Global Cotton Programme Manager Solidaridad
The huge uptake gap was pointed out in SCR 2017 as well. Since enough sustainable cotton is available, why do you think there is such a gap? Is it because they are not serious enough? Is it because they don’t know where to find it? Is it because there is not enough pressure yet on them from customers?
There is this small but growing group of frontrunners that are leading the way. They have made commitments and things are starting to pay off. Then there are others who have not made commitments and the gap is increasing there as well. The reasons would be different for every company. We think that these reasons as to why they haven’t done so would be different for every company. Yet, the progress made by some others shows that this is possible.
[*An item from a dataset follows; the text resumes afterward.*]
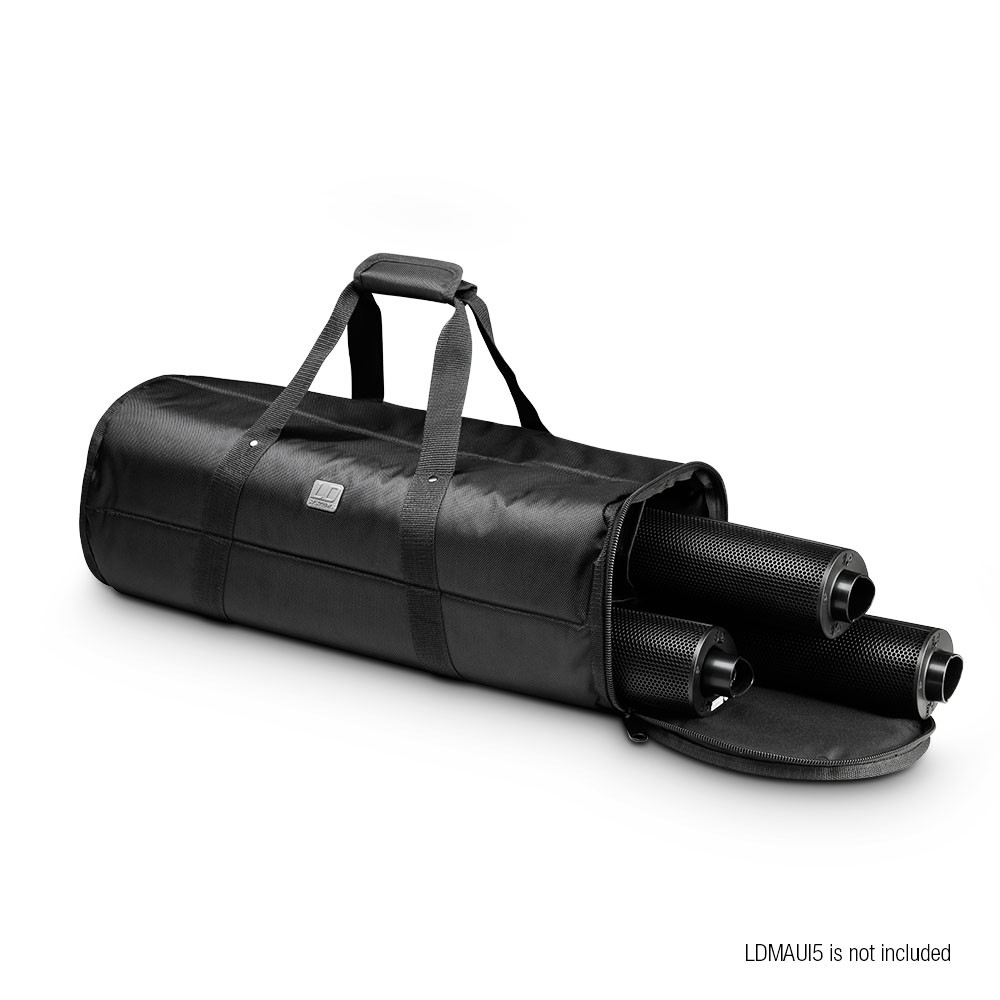 Ld Systems Maui 5 Sat Bag - Tasche für Lautsprecher & Subwoofer - Variation 1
Not surprisingly, all companies score relatively low on traceability. Do you think this is the weakest link?
It is definitely where companies get the lowest scores across the board. There are two reasons for that. One that is often invoked by companies is that tracing back your supply chain which is notoriously long and complicated in the textiles industry is a huge task. We recognise that, but also think that it is necessary to enable sustainable sourcing, not just about cotton but anything, if you are to be serious about sustainability. The other argument often made by companies is that publishing supply chain information can be commercially sensitive. Nevertheless, it is also a reality that increasingly civil society organisations as well as consumers are expecting it (i.e. expecting companies to be transparent). It is an area where we will all have to work a bit harder.
The recommendations sound good, but shouldn’t there have been a deadline? The world is running out of time, and not enough progress has been made since 2017. Isn’t it right to put a timeframe to action?
It is a very fair question. Maybe it is not very clear—we do not have a timeframe, but we do have expectations. And our expectation from the beginning of the rankings was that companies should source 100 per cent sustainable cotton by the end of 2020. That would have been the best practice. We do know it is not going to happen... for many of them. Our expectation would still be 100 per cent sustainable cotton sourcing as soon as possible. But from the fast progress that we have seen from some companies, we know that it is possible... to go fast.
Why is it that 25 per cent sustainable cotton is sold so, and the rest as conventional cotton? The number was 21 per cent last time and there has surprisingly been an increase?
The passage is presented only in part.